> _DIRECTIONS FOR THIS TASK_
Print the records below exactly, and do not carry over any picture.

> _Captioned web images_
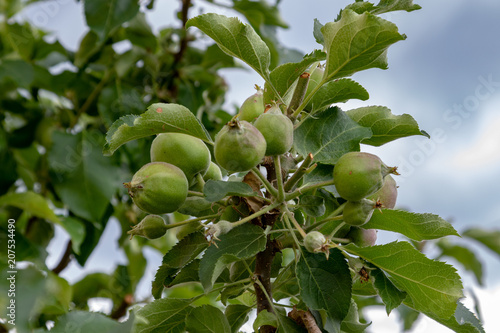 Unripe apples hanging at the tree in spring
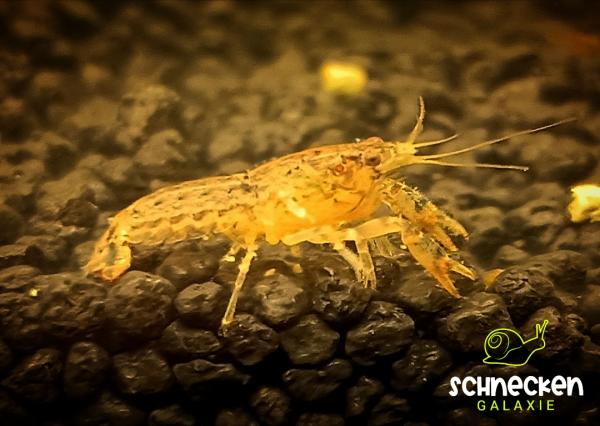 Blau- Brauner Zwergflusskrebs Cambarellus Diminutus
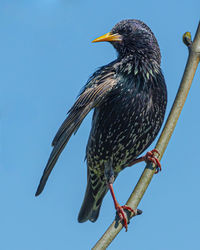 Low angle view of bird perching on a tree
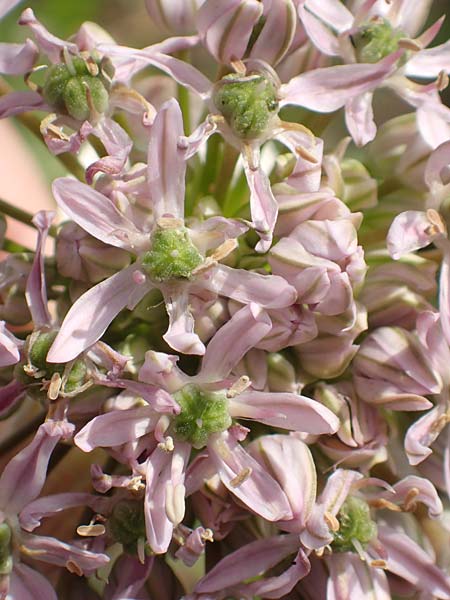 Allium nigrum \ Schwarzer Lauch / Black Garlic, Broad-Leaved Leek, Samos Pythagorio 13.4.2017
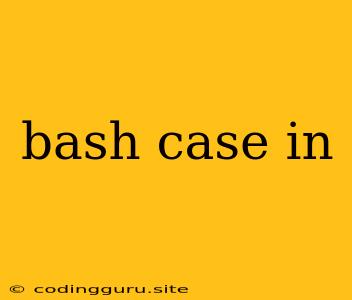 Bash Case In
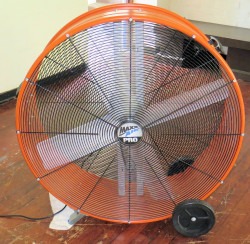 4ftfan1 1741289510 4ft tall Fan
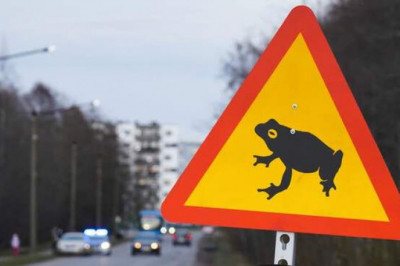 В Таллине из-за лягушек перекрыли оживленную дорогу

> _ANSWER FOR THIS EXERCISE_
 Unripe apples hanging at the tree in spring
 Blau- Brauner Zwergflusskrebs Cambarellus Diminutus
 Low angle view of bird perching on a tree
 Allium nigrum \ Schwarzer Lauch / Black Garlic, Broad-Leaved Leek, Samos Pythagorio 13.4.2017
 Bash Case In
 4ftfan1 1741289510 4ft tall Fan
 В Таллине из-за лягушек перекрыли оживленную дорогу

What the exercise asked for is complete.